Awalnya, JPU Yeni Trimulyani minta majelis hakim mengatakan Joko Soegiarto Tjandra bersalah dalam masalah sangkaan penerbitan surat jalan palsu.


"Jatuhkan hukuman pada Joko Soegiarto Tjandra alias Joko Soegiarto alias Joe Chan bin Tjandra Kusuma dengan pidana penjara dua tahun," kata Yeni waktu membacakan surat gugatan di ruangan sidang Pengadilan Negeri (PN) Jakarta Timur, Jumat 4 Desember 2020.


Dalam tuntutannya, Yeni menimbang beberapa hal. Hal yang memperberat, Joko Tjandra dipandang berbelit waktu memberikan info sepanjang jalannya persidangan.


Cara Menang Bermain Judi Bola Online Terpercaya "Jika tersangka berbelit dan tidak terang-terangan dalam memberi info. Hingga, menyulitkan jalannya persidangan.
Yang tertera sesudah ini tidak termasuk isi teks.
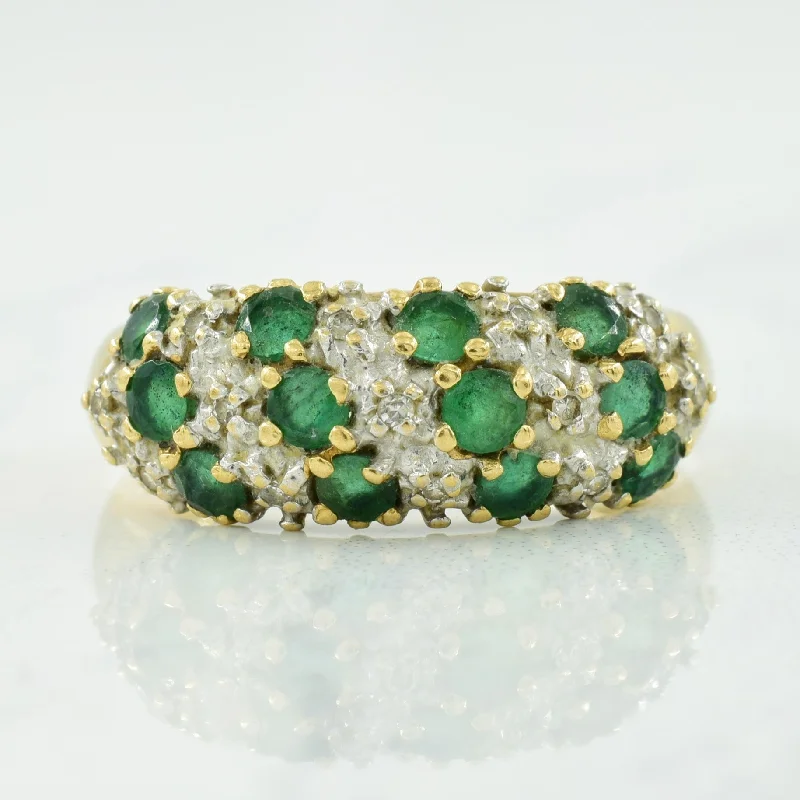 Huge Savings On Premium Jewelry Styles Emerald & Diamond Ring | 0.60ctw, 0.06ctw | SZ 8 |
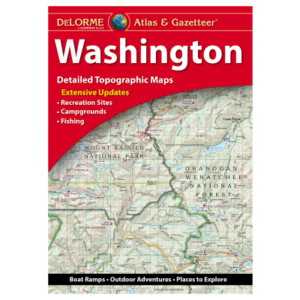 DeLorme Atlas & Gazetteer Detailed Topographic Maps Book - Washington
Beberapa hal yang memudahkan, jika tersangka telah berumur lanjut," sebut Yeni.


Dalam masalah ini, JPU tuntut supaya Anita Kolopaking di penjara dua tahun. Sedang Brigjen Pol. Prasetijo Utomo, dituntut 2,5 tahun penjara.


Seperti sebelumnya telah dikabarkan, terpidana masalah hak tagih (cessie) bank Bali ini minta kontribusi advokatnya namanya Anita Kolopaking untuk ajukan inspeksi kembali lagi (PK) ke PN Jakarta Selatan. Ini selaku wujud usaha hukum menantang keputusan Mahkamah Agung (MA) pada 2009 kemarin.


Namun, PK Joko Tjandra pada Mei 2020 lalu ditampik karena dia tidak pernah datang dalam sidang itu. Sebab ditampik, Joko minta Anita mengendalikan semua kepentingannya terhitung kehadirannya ke Indonesia. Joko yang waktu itu masih dengan status buron, tiba ke Indonesia melalui Pontianak.


Tidak cuman ditolong Anita, pengurusan kehadiran Joko ditolong bekas Kepala Agen Koordinator Pengawas (Korwas) PPNS Bareskrim Polri, Brigjen Pol. Prasetijo Utomo. Anita saat itu minta supaya Prasetijo mempersiapkan polisi untuk temani Joko setelah tiba di Pontianak.


Polisi itu disuruh menolong Joko cari rumah sakit buat kelengkapan dokumen berbentuk surat rapid tes bebas COVID-19, surat jalan dan surat info sehat. Tetapi, Prasetijo malah tawarkan diri untuk mengurusi pengerjaan beberapa surat yang diperhitungkan diedarkan secara palsu.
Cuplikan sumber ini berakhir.